» GIVEN DATA
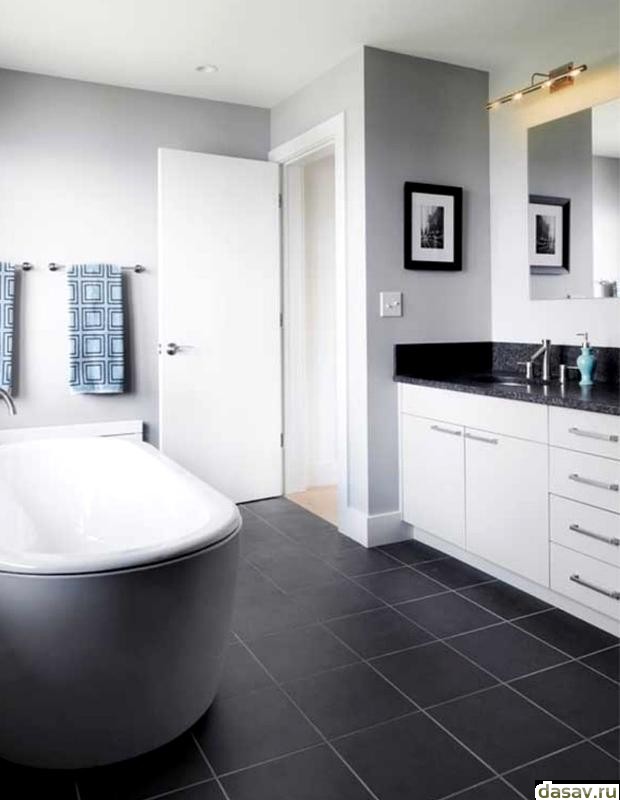 Дизайн черно-белой ванной комнаты, в результате три голубых акцента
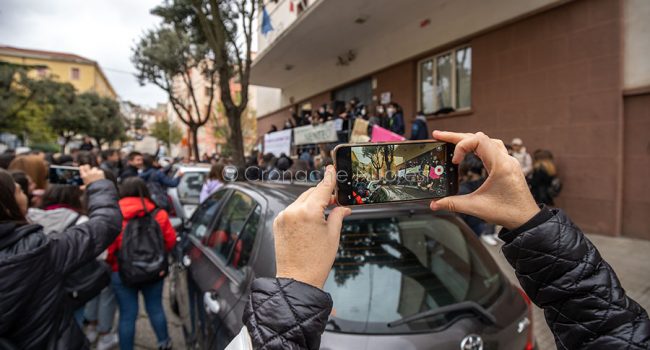 Nuoro. mobilitazione al Liceo Fermi (foto S.Novellu)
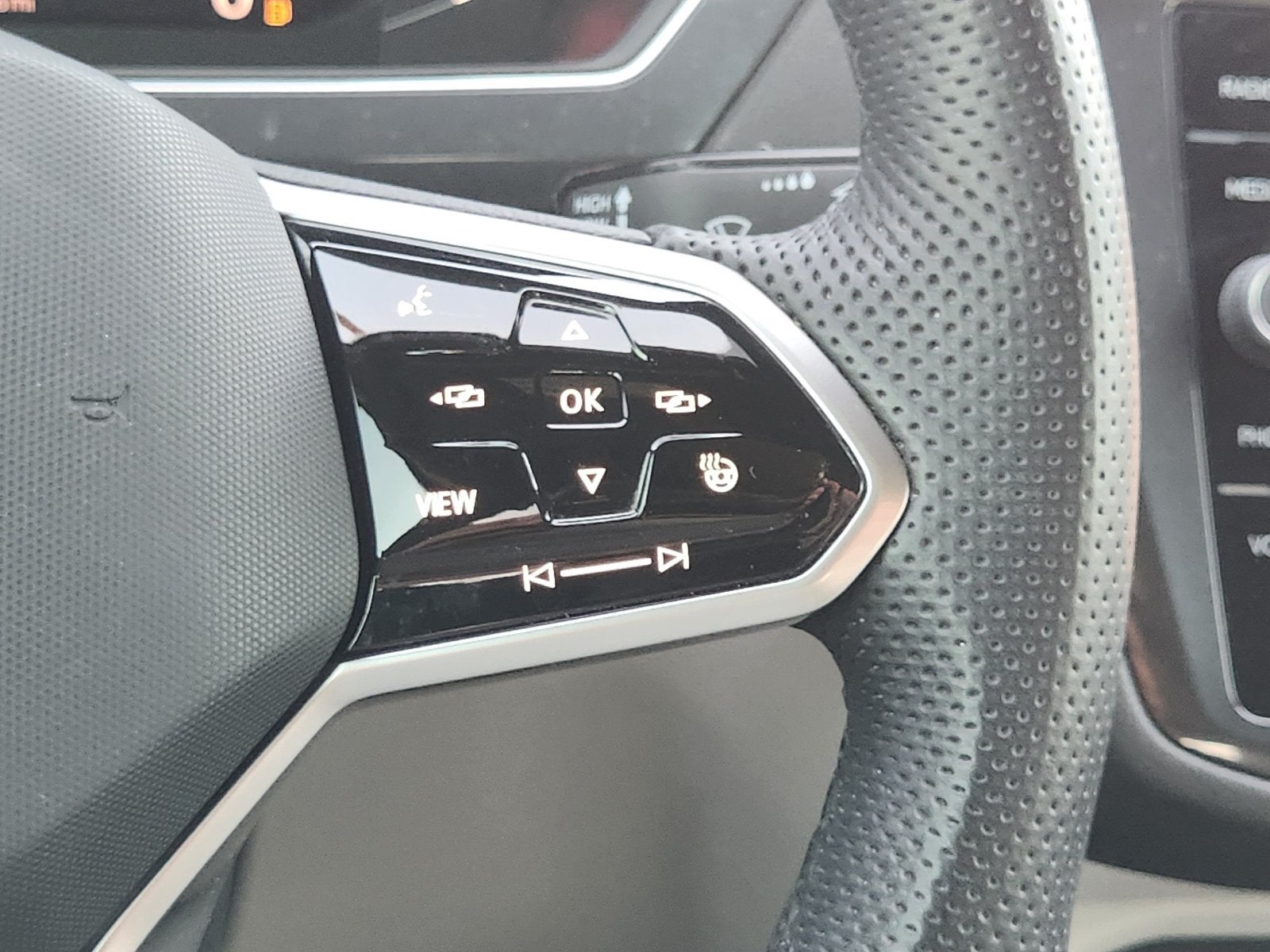 2024 Volkswagen Tiguan 2.0T SEL R-Line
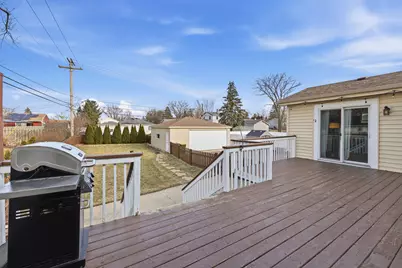 1120 Poplar Street, Lake in the Hills, IL 60156 - Photo 22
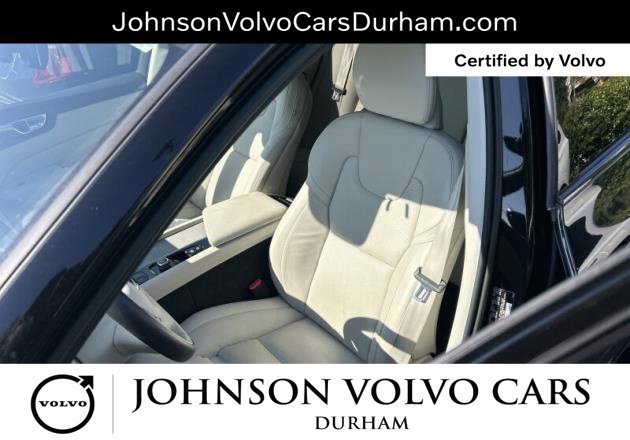 Used 2023 Volvo XC60 B5 Ultimate w/ Climate Package FWD image 9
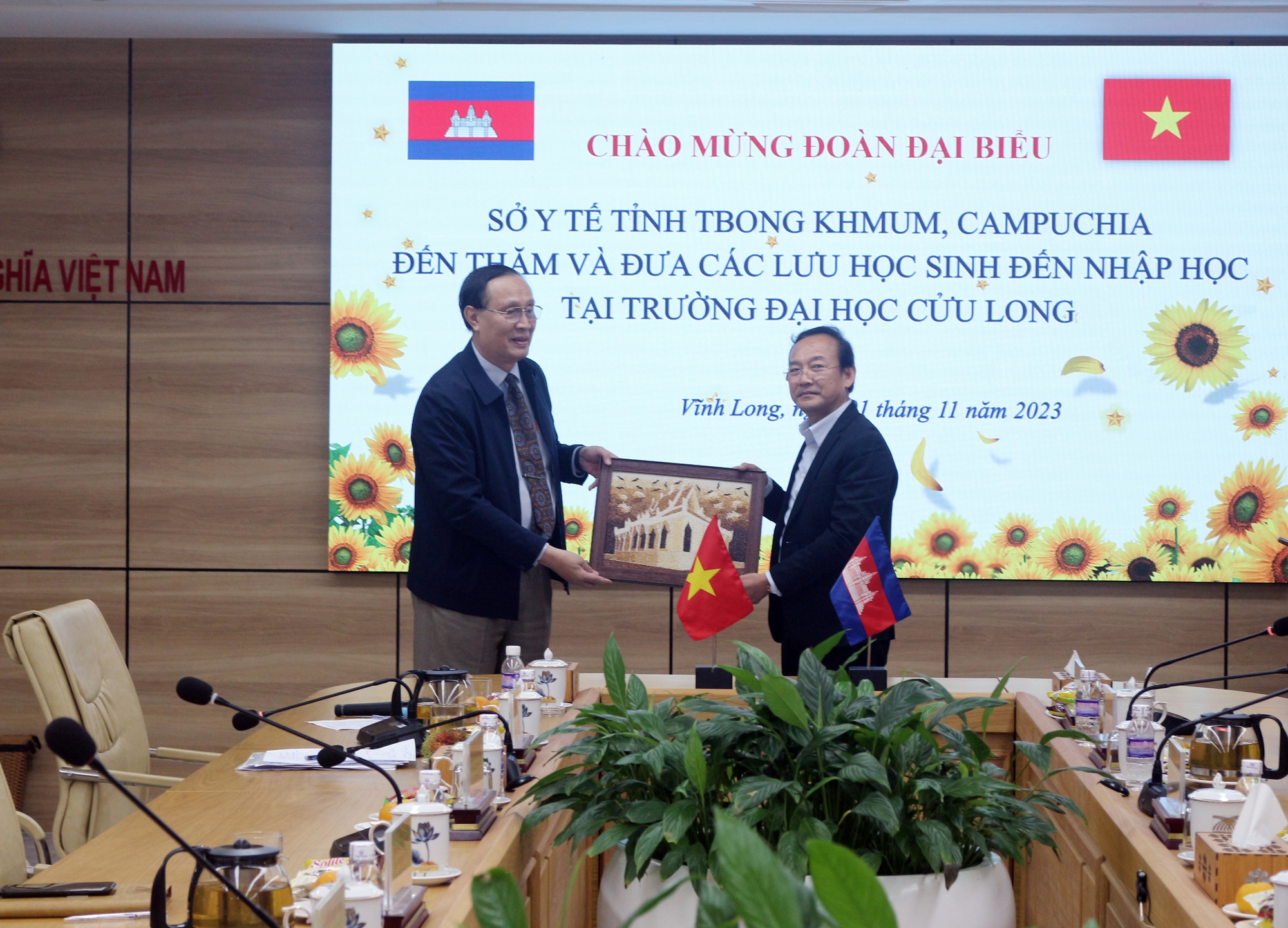 Trường Đại học Cửu Long l&agrave;m việc với một sở y tế của Campuchia - Ảnh 4.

» WORK INSTRUCTION
Reproduce, unchanged, each line between the one with "Nuoro. mobilitazione al" and the last line of the material, both included; the pictures do not go in.

» WRITTEN SOLUTION
 Nuoro. mobilitazione al Liceo Fermi (foto S.Novellu)
 2024 Volkswagen Tiguan 2.0T SEL R-Line
 1120 Poplar Street, Lake in the Hills, IL 60156 - Photo 22
 Used 2023 Volvo XC60 B5 Ultimate w/ Climate Package FWD image 9
 Trường Đại học Cửu Long l&agrave;m việc với một sở y tế của Campuchia - Ảnh 4.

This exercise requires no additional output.